- EXERCISE DETAILS -
Your task is to copy each line of the records that includes the string "with".

- RECORDED DATA -
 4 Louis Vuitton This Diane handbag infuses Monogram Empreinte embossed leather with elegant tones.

---

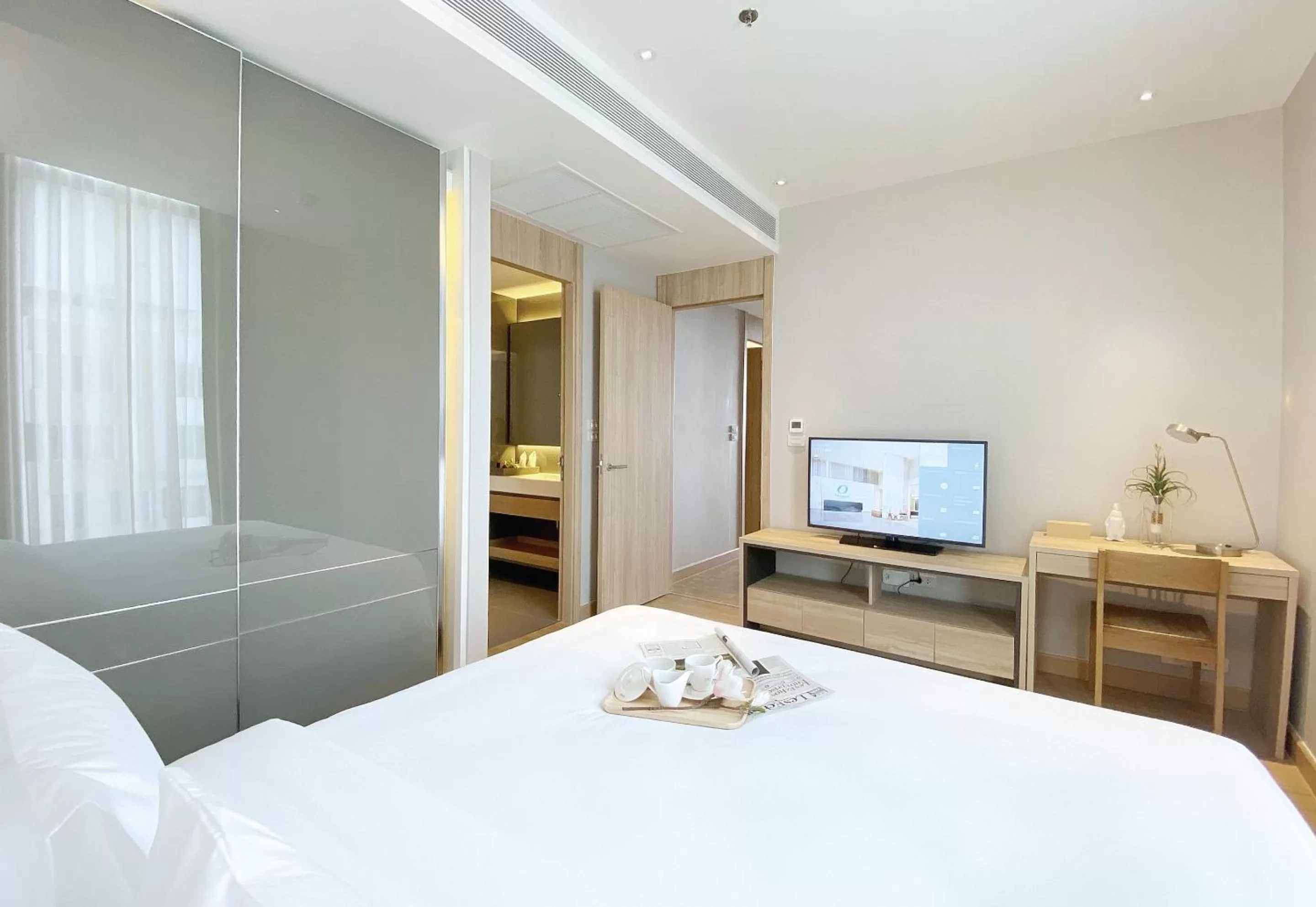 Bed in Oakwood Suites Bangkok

...

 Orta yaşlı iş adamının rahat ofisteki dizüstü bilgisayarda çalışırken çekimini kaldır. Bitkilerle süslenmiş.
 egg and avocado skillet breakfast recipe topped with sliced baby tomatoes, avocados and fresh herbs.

- OUTPUT OF THE EXERCISE -
 4 Louis Vuitton This Diane handbag infuses Monogram Empreinte embossed leather with elegant tones.
 egg and avocado skillet breakfast recipe topped with sliced baby tomatoes, avocados and fresh herbs.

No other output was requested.